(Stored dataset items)
-------------------------
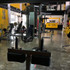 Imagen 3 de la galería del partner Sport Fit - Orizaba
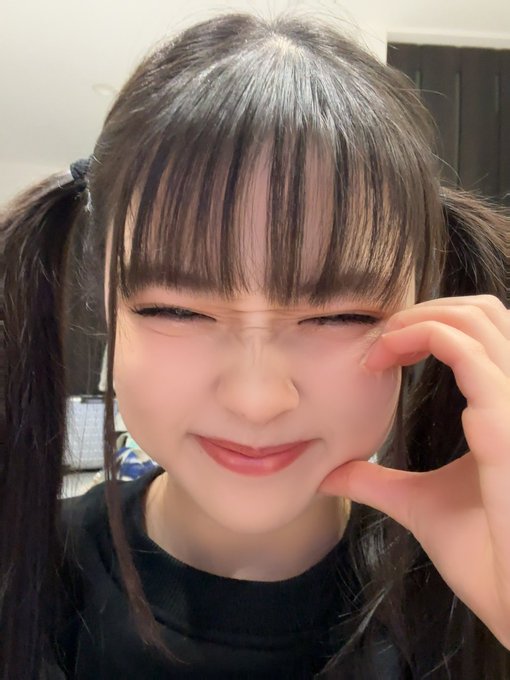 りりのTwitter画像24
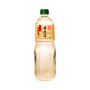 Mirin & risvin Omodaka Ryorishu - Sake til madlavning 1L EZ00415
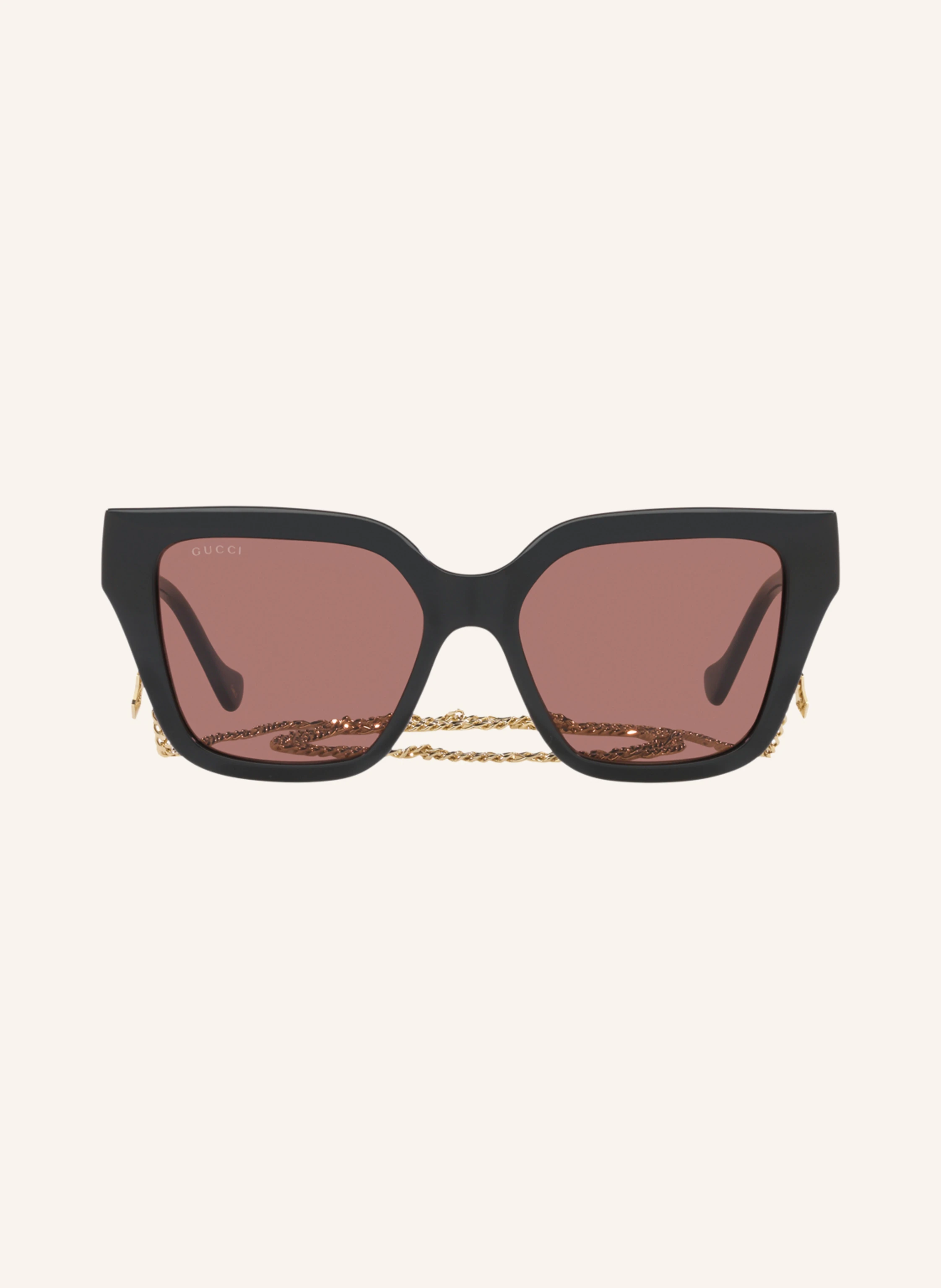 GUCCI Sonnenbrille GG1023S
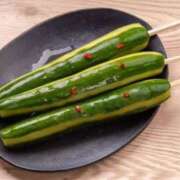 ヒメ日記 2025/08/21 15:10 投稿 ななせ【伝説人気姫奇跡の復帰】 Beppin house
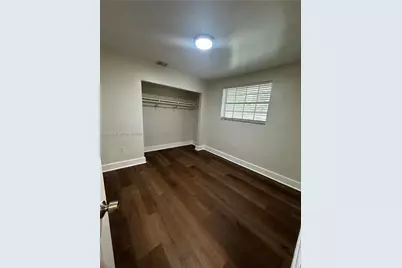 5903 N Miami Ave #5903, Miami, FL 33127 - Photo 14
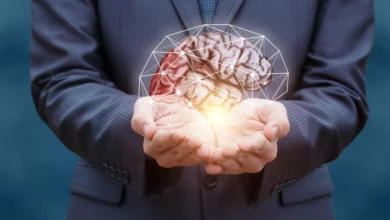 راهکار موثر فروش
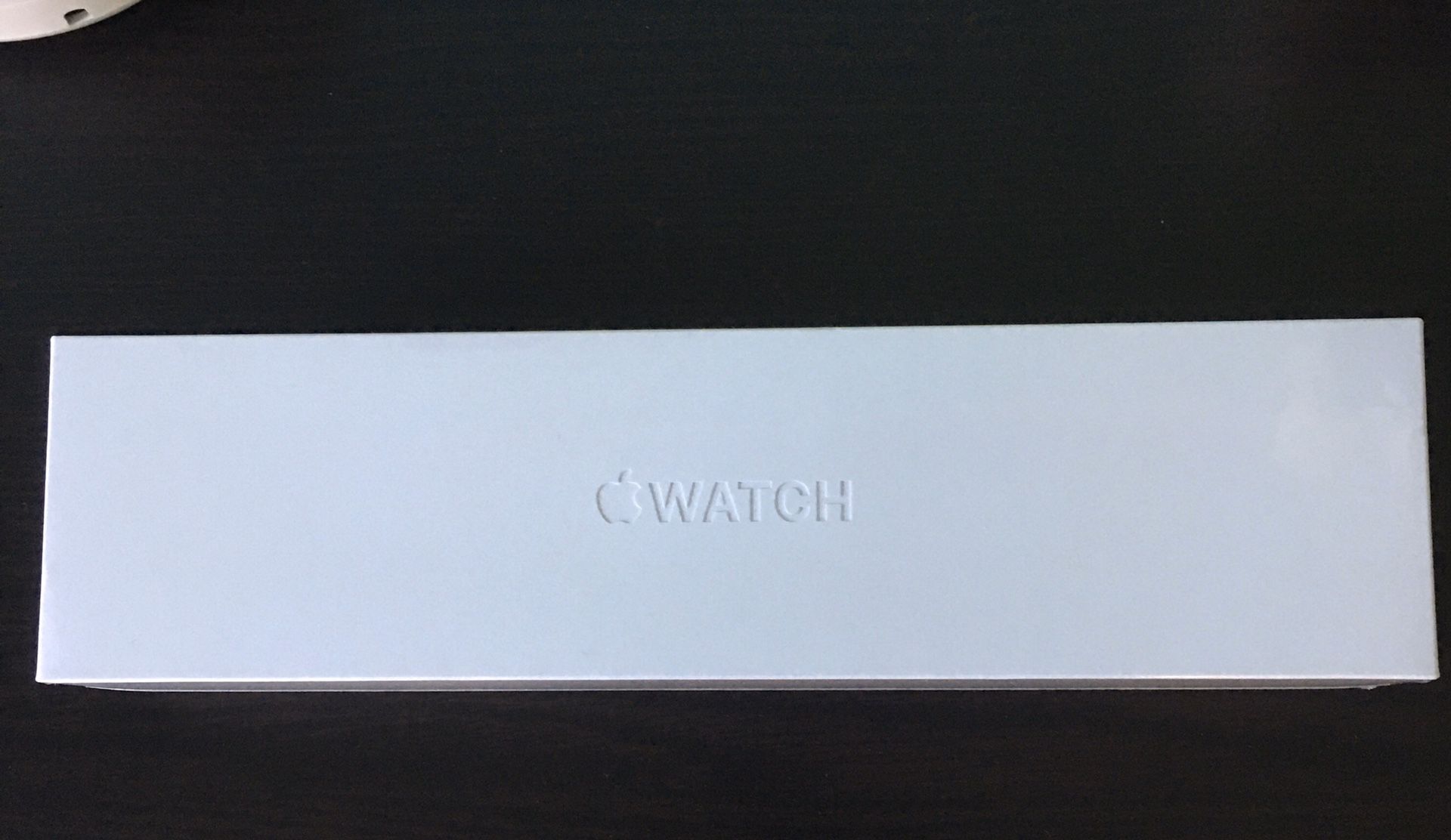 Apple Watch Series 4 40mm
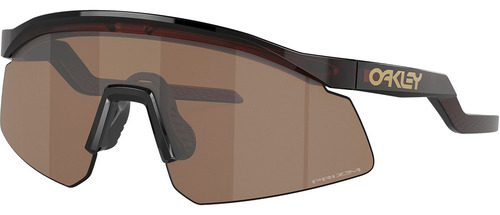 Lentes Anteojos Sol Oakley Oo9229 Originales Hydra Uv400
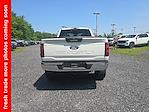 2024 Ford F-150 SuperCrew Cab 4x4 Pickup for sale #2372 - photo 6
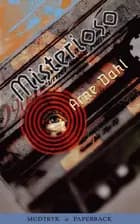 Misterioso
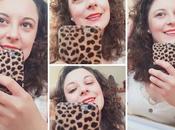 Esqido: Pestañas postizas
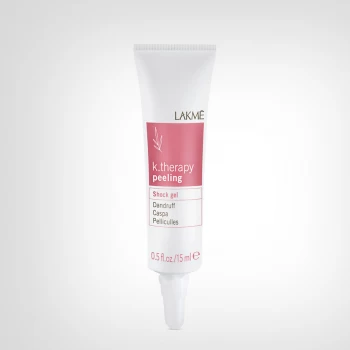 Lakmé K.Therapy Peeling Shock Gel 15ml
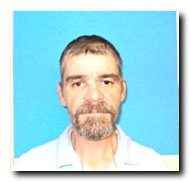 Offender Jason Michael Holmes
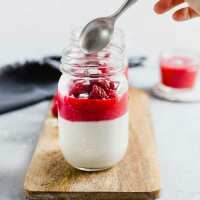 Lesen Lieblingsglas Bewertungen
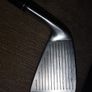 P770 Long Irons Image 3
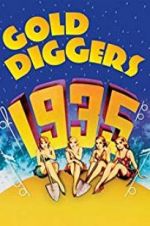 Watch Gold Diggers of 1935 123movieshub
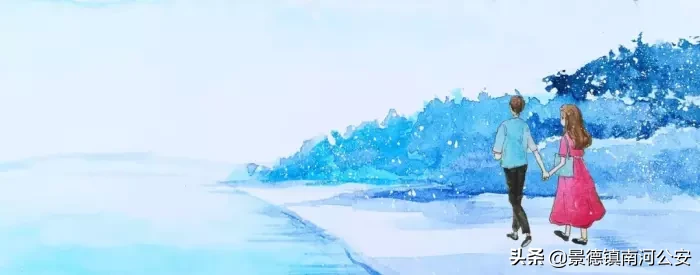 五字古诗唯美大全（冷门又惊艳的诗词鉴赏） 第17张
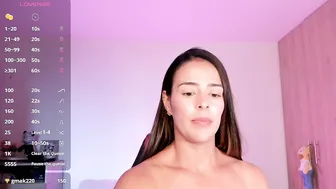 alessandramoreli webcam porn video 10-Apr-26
-------------------------
#### Exercise description
Please copy the data above word for word, but only from the line that contains "Esqido: Pestañas postizas" through the final line, both included, and without the pictures.

#### Worked solution
 Esqido: Pestañas postizas
 Lakmé K.Therapy Peeling Shock Gel 15ml
 Offender Jason Michael Holmes
 Lesen Lieblingsglas Bewertungen
 P770 Long Irons Image 3
 Watch Gold Diggers of 1935 123movieshub
 五字古诗唯美大全（冷门又惊艳的诗词鉴赏） 第17张
 alessandramoreli webcam porn video 10-Apr-26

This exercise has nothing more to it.